| BRIEF |
Your answer must be the exact lines from the one holding "Hi everybody, welcome" through the last line of the records below, with no pictures.

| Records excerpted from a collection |
________________

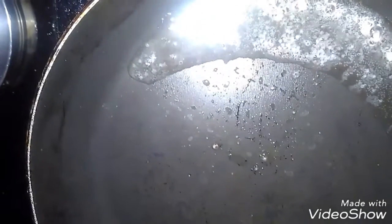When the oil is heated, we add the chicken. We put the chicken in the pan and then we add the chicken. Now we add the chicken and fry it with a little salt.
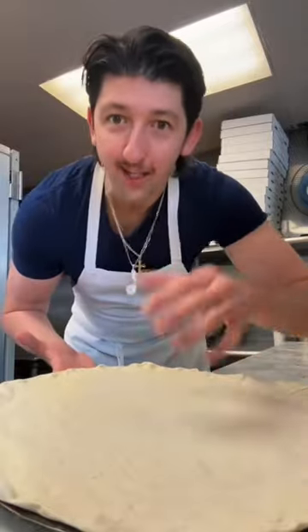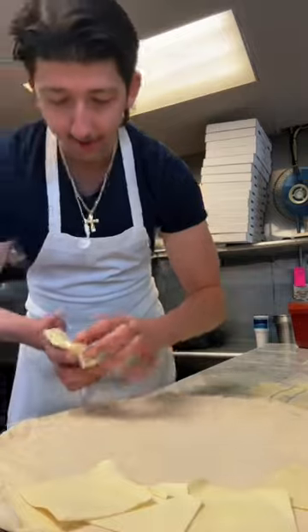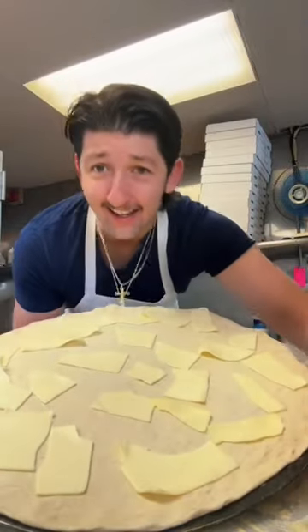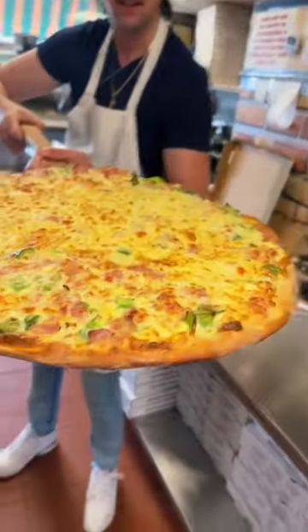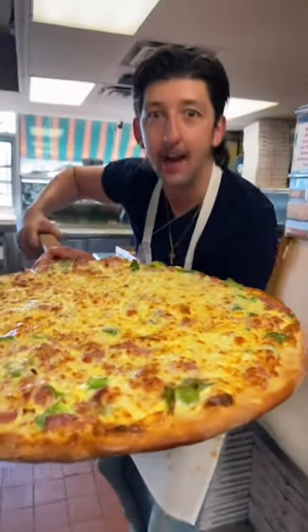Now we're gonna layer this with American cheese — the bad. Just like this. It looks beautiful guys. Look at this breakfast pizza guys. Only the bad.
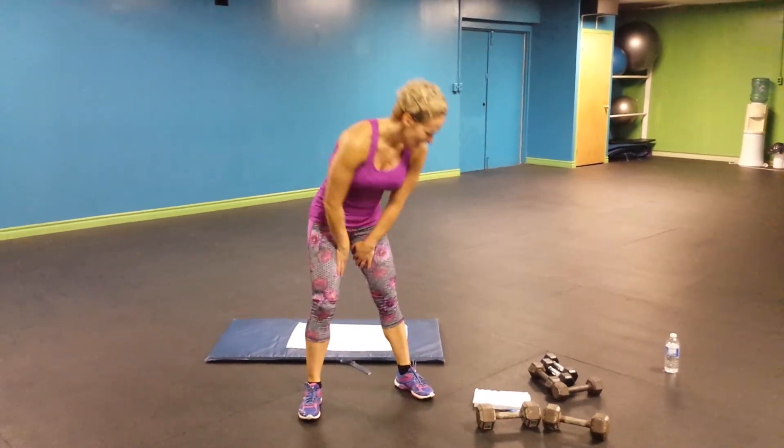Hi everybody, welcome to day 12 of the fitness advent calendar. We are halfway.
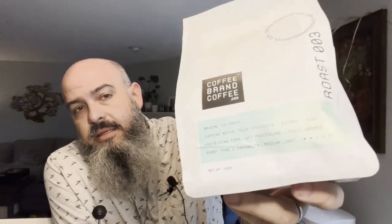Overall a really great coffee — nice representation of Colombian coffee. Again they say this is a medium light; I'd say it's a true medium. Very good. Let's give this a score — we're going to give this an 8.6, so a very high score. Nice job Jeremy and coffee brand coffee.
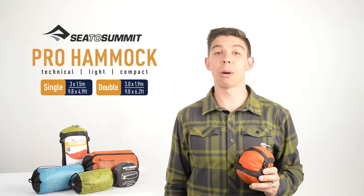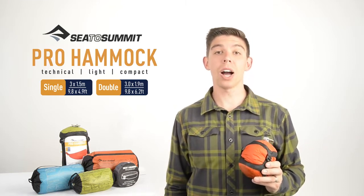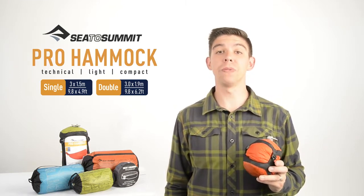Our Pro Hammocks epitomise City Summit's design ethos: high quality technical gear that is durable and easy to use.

________________

| RESPONSE |
Hi everybody, welcome to day 12 of the fitness advent calendar. We are halfway.
Overall a really great coffee — nice representation of Colombian coffee. Again they say this is a medium light; I'd say it's a true medium. Very good. Let's give this a score — we're going to give this an 8.6, so a very high score. Nice job Jeremy and coffee brand coffee.
Our Pro Hammocks epitomise City Summit's design ethos: high quality technical gear that is durable and easy to use.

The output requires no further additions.